Edward P. Debold

Assistant Professor of Kinesiology, University of Massachusetts

Email: edebold@kin.umass.edu

Ph.D.: Marquette University
Postdoctoral Training: University of Vermont

Muscle Myosin in Cardiovascular Disease and Muscular Fatigue

Muscle generates the force and motion required to power a wide range of important tasks, from walking to the pumping of blood by the heart. The ability to accomplish these tasks is ultimately derived from the nano-scale motions of muscle's motor enzyme, myosin. At the molecular level, myosin generates force and motion through the rotation of a long alpha helical region of myosin (a.k.a. lever-arm) while it is strongly bound to its molecular partner, actin, in a process ultimately powered by ATP hydrolysis. Advances in single molecule biophysical techniques have provided researchers with the ability to directly observe these nanometer scale motions of myosin, offering unprecedented insight into the molecular function of muscle. These advances are also helping to reveal the root molecular causes of muscle dysfunction, such as heart failure and muscular fatigue.

In the Muscle Biophysics Laboratory we use fluorescence microscopy and single molecule laser-trap techniques to gain unique insight into the molecular events that underlie basic muscle function in health and disease. In one approach, we take advantage of point mutations in contractile proteins, for example those associated with genetic cardiomyopathies, to determine the relationship between the structure and function of several muscle contractile proteins. The functional properties are quantified using the in vitro motility assay, and unitary measures of myosin's displacement and actin binding lifetime using a "three-bead" single molecule laser-trap assay. In a related approach we determine the molecular mechanics and kinetics of myosin under conditions that simulate extreme stress such as during a heart attack or severe muscular fatigue. We hope these lines of investigation will both improve our basic understanding of muscle function and reveal the root molecular causes of related diseases, ultimately leading to improved treatments.
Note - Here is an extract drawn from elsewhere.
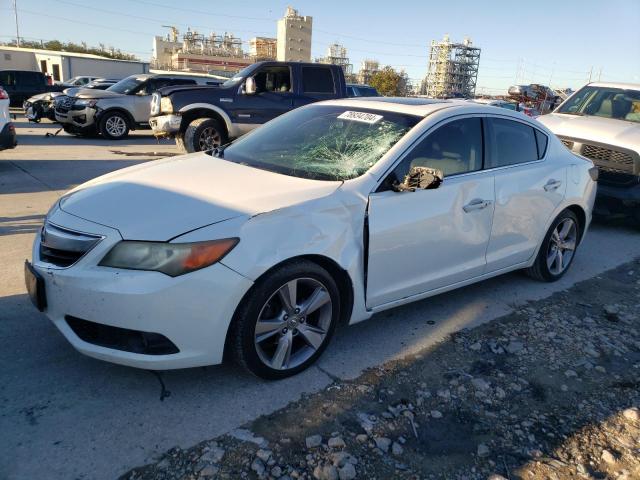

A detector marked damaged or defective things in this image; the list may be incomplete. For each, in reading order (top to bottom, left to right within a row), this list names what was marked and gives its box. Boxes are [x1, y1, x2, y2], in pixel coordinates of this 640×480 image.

shattered windshield [220, 104, 420, 180]
shattered windshield [556, 86, 640, 124]
damaged white acura ilx [25, 98, 596, 378]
Representative publications:

Debold EP.  Recent insights into muscle fatigue at the cross-bridge level..Front Physiol. 2012;3:151. Epub 2012 Jun 1.

Debold EP, Turner MA, Stout JC, Walcott S.  Phosphate enhances myosin-powered actin filament velocity under acidic conditions in a motility assay. Am J Physiol Regul Integr Comp Physiol. 2011 Jun;300(6):R1401-8. Epub 2011 Feb 23.

Debold EP, Saber W, Cheema Y, Bookwalter CS, Trybus KM, Warshaw DM, Vanburen P.  Human actin mutations associated with hypertrophic and dilated cardiomyopathies demonstrate distinct thin filament regulatory properties in vitro. J Mol Cell Cardiol. 2010 Feb;48(2):286-92.

Debold, E.P., S.E. Beck and David Warshaw. Effect of low pH on single skeletal muscle myosin mechanics and kinetics. American Journal of Physiology (Cell. Physiol.)295:C173-179, 2008.

Schmitt Joachim P., Debold, E.P.(co-first author), Ferhaan Ahmad, Amy Armstrong, Andrea Frederico, David A. Conner, Ulrike Mende, Martin J. Lohse, David Warshaw, Christine E. Seidman, and J. G. Seidman. Cardiac myosin missense mutations cause dilated cardiomyopathy in mouse models and depress molecular motor function. Proceedings of the National Academy of Science 103:14525-14530, 2006.

Debold, E.P., Amy Armstrong, Andrea Frederico, J.G. Seidman, David Warshaw. Hypertrophic and dilated cardiomyopathy myosin mutations studied using a novel load-clamped laser trap assay. American Journal of Physiololgy (Heart Circ. Physiol.) 293:H284-291, 2007.

Debold, E.P., Romatowski, J., and R. Fitts. The depressive effect of Pi on the force-calcium relationship in skinned single muscle fibers is temperature dependent. American Journal of Physiology (Cell Physiol.) 290:C1041-50, 2006.

Debold, E.P., J. B. Patlak, D. M. Warshaw. Slip sliding away: load dependence of velocity generated by skeletal muscle myosin molecules in the laser trap. Biophysical Journal 89: L34-6, 2005.

Debold, E.P., Dave, H. and Fitts, R.H. Fiber type and temperature dependence of inorganic phosphate: implications for fatigue. American Journal of Physiology (Cell Physiol.): 287:C673-C681, 2004.